Week 3 Notes - Data Visualization & Exploratory Analysis
Key Concepts Learned
Quartet: Datasets with identical summary statistics, but completely different patterns when visualized.
The policy Implications
why it matters - Summary statistics can hide critical patterns - Outliers may represent important communities - Relationships aren’t always linear - Visual inspection reveals data quality issues
Bad Visualizations Consequences
Common problems in government data presentation: - Misleading scales or axes - Cherry-picked time periods - Hidden or ignored uncertainty - Missing context about data reliability
The smaller your sample size is, the larger your margin of error would be
Grammar of Graphics
The ggplot2 Philosophy
principles: Data-Aesthetics-Geometries-Visual Data: Your data set (census data, survey responses, etc.)“I would like to make a plot” coding:g-ggplot(data=your_data)
Aesthetics: What variables map to visual properties (x, y, color, size) how to draw a connection to specific element in our plot coding: aes(x=variable 1,y=variable 2) x, y - position color - point/line color fill - area fill color size - point/line size shape - point shape alpha - transparency
Geometries: How to display the data (points, bars, lines) coding:geom_something()
Additional layers: Scales, themes, facets, annotations coding:additional_layers() BUILD PLOTS BY ADDING LAYERS WITH +
Understand your data before making decisions or building models
- What does the data look like? (distributions, missing values)
- What patterns exist? (relationships, clusters, trends)
- What’s unusual? (outliers, anomalies, data quality issues)
- What questions does this raise? (hypotheses for further investigation)
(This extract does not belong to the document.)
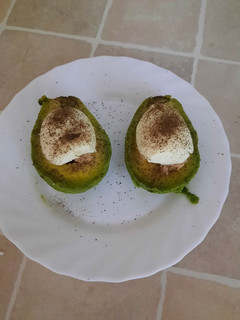 Una foto de Tapa de aguacate y huevo duro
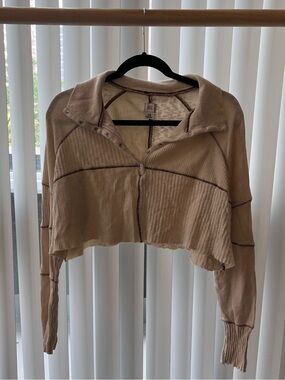Large Women’s BDG Beige/Cream Off-the-Shoulder Cropped Sweater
- How reliable is this data
Enhanced process for policy analysis
- Load and inspect - dimensions, variable types, missing data
- Assess reliability - examine margins of error, calculate coefficients of variation
- Visualize distributions - histograms, boxplots for each variable
- Explore relationships - scatter plots, correlations
- Identify patterns - grouping, clustering, geographical patterns
- Question anomalies - investigate outliers and unusual patterns
- Document limitations - prepare honest communication about data quality
Questions & Answers
Q: Why do algorithmic decision-making systems rely on “proxy” variables? A: Because the data we want to measure directly is often unavailable or difficult to collect.